From the data below, set down exactly the lines between the one holding "Fila Gray Pullover Hoodie with Subtle Logo" and the one holding "Modernes Badezimmerdesign mit", inclusive, and no others.

Stored entries:
BEGIN
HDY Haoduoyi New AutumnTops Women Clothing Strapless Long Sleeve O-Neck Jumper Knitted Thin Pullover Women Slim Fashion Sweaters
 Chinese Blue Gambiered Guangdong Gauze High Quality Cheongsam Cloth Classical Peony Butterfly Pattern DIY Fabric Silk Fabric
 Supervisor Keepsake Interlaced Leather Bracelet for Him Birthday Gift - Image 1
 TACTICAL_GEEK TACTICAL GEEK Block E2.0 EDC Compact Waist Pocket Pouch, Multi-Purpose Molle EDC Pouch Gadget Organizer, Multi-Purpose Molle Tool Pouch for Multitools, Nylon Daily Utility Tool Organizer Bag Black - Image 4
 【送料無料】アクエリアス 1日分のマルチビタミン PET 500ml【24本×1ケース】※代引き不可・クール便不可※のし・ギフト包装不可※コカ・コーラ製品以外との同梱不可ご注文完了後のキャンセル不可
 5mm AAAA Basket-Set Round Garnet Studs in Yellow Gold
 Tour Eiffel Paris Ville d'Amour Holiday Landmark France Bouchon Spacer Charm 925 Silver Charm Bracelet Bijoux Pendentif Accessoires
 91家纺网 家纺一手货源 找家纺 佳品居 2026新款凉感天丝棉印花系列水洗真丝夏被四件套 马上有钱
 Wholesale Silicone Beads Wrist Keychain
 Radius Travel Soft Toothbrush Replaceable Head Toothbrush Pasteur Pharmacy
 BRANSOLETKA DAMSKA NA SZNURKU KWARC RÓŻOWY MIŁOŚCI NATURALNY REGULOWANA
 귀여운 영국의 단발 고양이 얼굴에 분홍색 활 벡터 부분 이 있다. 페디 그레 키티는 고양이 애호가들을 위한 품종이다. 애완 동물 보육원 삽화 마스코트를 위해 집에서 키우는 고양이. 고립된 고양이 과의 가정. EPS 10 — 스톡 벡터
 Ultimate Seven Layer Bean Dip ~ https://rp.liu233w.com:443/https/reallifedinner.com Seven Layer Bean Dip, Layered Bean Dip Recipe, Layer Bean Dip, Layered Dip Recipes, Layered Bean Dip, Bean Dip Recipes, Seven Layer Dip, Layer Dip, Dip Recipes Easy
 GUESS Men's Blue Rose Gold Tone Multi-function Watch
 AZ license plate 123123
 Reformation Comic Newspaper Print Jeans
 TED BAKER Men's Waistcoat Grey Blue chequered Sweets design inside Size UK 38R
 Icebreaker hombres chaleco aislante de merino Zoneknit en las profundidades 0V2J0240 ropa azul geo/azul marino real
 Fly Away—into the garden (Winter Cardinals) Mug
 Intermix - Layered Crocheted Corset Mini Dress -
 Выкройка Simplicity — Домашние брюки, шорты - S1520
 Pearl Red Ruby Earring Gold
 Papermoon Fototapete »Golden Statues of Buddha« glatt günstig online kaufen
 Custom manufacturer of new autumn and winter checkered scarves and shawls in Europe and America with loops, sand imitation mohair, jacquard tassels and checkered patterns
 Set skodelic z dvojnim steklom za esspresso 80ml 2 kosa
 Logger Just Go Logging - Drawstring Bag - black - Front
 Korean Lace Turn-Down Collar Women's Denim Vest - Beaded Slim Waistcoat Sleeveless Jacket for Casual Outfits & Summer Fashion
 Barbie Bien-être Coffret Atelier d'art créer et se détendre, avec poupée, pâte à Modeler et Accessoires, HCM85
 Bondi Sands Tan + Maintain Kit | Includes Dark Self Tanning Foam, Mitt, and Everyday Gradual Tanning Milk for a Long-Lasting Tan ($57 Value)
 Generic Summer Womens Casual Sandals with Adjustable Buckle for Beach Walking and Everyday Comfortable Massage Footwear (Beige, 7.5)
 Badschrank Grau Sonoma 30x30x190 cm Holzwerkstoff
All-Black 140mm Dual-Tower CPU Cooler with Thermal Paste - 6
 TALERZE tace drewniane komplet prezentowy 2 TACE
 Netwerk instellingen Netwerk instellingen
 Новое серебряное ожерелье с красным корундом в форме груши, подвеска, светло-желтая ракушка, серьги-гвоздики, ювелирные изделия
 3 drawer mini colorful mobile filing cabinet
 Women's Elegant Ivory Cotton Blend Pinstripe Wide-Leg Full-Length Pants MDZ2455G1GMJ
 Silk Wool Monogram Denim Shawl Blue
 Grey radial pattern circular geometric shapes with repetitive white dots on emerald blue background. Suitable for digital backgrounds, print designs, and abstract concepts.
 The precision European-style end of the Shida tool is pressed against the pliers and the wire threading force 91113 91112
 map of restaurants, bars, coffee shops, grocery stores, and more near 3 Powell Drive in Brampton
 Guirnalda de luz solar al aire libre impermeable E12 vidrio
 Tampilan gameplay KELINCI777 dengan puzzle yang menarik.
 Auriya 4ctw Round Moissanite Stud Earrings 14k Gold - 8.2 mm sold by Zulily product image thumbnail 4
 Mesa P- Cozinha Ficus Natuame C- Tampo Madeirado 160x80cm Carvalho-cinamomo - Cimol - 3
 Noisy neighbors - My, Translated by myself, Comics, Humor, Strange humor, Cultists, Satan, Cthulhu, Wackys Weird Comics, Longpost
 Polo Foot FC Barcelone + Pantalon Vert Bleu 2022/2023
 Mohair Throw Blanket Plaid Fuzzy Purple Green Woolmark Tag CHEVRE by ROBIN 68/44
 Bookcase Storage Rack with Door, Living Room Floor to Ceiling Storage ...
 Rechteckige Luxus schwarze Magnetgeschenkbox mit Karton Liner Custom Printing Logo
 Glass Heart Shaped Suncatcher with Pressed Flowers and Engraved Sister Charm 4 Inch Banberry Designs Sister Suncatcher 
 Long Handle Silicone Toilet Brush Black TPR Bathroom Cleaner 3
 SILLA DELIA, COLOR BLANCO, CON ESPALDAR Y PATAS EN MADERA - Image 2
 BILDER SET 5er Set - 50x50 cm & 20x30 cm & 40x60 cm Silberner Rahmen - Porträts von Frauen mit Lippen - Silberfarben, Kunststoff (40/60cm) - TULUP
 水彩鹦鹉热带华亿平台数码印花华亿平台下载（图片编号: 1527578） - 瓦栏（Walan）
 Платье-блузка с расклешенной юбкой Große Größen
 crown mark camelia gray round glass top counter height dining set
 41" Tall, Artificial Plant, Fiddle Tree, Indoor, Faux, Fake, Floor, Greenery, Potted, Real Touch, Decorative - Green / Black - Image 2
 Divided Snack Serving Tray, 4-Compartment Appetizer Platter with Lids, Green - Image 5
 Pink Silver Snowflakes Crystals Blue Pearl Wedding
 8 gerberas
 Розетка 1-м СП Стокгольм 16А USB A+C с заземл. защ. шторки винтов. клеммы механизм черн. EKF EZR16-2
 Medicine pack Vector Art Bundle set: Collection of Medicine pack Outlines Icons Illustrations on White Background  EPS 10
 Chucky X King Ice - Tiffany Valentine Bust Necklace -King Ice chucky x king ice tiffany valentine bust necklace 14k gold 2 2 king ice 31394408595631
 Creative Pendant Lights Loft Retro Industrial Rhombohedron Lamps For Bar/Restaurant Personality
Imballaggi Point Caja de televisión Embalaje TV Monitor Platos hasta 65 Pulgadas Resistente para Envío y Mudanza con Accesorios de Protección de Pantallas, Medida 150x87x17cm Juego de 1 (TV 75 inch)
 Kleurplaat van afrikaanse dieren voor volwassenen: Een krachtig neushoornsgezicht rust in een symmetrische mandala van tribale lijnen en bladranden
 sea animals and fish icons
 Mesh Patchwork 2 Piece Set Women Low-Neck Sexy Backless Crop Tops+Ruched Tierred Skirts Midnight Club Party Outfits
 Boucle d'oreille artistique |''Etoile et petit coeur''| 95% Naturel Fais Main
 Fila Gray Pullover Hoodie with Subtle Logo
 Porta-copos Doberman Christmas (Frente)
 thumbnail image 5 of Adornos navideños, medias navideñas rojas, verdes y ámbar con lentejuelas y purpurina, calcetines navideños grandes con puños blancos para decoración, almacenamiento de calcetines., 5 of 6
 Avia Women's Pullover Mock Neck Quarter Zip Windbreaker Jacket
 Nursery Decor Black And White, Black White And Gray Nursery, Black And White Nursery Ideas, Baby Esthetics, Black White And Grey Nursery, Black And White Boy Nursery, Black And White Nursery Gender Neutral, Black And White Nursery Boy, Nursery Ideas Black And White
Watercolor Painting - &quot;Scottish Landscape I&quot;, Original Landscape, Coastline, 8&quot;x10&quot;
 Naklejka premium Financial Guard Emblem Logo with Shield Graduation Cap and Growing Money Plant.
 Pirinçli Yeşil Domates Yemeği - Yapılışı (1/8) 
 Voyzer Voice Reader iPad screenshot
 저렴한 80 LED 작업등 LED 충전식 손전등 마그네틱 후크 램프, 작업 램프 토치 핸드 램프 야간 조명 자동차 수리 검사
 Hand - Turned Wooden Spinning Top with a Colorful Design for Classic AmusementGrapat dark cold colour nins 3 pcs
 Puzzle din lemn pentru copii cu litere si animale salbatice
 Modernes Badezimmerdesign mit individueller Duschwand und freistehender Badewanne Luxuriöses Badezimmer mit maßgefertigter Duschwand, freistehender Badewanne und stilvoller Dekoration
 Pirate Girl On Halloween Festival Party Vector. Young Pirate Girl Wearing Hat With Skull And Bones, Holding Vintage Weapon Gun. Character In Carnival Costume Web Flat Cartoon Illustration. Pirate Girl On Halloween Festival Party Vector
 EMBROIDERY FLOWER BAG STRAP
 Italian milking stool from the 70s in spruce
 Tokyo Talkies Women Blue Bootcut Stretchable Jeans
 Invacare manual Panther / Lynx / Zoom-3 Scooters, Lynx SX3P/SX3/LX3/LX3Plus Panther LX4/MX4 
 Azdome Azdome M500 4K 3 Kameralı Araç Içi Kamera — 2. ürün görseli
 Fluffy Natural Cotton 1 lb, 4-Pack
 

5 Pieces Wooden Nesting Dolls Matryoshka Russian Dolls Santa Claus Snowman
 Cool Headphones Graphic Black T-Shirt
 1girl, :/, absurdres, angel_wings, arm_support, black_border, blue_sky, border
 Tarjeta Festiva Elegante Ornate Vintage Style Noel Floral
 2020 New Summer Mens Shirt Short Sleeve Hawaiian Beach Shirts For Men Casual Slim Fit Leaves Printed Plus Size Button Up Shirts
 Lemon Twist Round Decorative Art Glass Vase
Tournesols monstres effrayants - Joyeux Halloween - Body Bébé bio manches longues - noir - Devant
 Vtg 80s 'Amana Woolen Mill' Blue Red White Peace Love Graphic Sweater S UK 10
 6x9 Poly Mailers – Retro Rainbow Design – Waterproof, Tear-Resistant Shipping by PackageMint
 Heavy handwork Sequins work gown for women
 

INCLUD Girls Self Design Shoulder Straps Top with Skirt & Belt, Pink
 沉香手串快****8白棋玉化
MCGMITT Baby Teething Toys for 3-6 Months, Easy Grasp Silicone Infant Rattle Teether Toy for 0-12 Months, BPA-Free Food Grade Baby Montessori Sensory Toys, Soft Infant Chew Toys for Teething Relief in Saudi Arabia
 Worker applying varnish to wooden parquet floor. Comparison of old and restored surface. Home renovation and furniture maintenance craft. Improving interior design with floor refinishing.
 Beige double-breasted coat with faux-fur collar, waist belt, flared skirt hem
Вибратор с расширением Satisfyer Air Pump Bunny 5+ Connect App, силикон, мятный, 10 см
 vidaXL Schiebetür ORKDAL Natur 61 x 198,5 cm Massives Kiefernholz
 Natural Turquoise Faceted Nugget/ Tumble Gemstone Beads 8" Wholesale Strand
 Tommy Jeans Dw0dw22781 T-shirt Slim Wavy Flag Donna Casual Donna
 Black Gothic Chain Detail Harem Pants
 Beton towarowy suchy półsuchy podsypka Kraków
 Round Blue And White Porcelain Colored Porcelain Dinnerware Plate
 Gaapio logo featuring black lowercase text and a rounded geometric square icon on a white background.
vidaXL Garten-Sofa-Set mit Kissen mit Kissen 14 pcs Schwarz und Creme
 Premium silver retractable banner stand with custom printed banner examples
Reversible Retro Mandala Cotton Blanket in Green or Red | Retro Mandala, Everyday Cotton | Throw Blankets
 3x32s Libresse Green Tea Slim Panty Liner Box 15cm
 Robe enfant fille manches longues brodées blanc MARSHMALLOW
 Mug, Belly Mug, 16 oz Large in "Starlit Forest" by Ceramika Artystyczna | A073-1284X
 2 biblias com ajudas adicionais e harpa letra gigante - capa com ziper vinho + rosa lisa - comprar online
END
[COMPLETED EXERCISE]:
 Fila Gray Pullover Hoodie with Subtle Logo
 Porta-copos Doberman Christmas (Frente)
 thumbnail image 5 of Adornos navideños, medias navideñas rojas, verdes y ámbar con lentejuelas y purpurina, calcetines navideños grandes con puños blancos para decoración, almacenamiento de calcetines., 5 of 6
 Avia Women's Pullover Mock Neck Quarter Zip Windbreaker Jacket
 Nursery Decor Black And White, Black White And Gray Nursery, Black And White Nursery Ideas, Baby Esthetics, Black White And Grey Nursery, Black And White Boy Nursery, Black And White Nursery Gender Neutral, Black And White Nursery Boy, Nursery Ideas Black And White
Watercolor Painting - &quot;Scottish Landscape I&quot;, Original Landscape, Coastline, 8&quot;x10&quot;
 Naklejka premium Financial Guard Emblem Logo with Shield Graduation Cap and Growing Money Plant.
 Pirinçli Yeşil Domates Yemeği - Yapılışı (1/8) 
 Voyzer Voice Reader iPad screenshot
 저렴한 80 LED 작업등 LED 충전식 손전등 마그네틱 후크 램프, 작업 램프 토치 핸드 램프 야간 조명 자동차 수리 검사
 Hand - Turned Wooden Spinning Top with a Colorful Design for Classic AmusementGrapat dark cold colour nins 3 pcs
 Puzzle din lemn pentru copii cu litere si animale salbatice
 Modernes Badezimmerdesign mit individueller Duschwand und freistehender Badewanne Luxuriöses Badezimmer mit maßgefertigter Duschwand, freistehender Badewanne und stilvoller Dekoration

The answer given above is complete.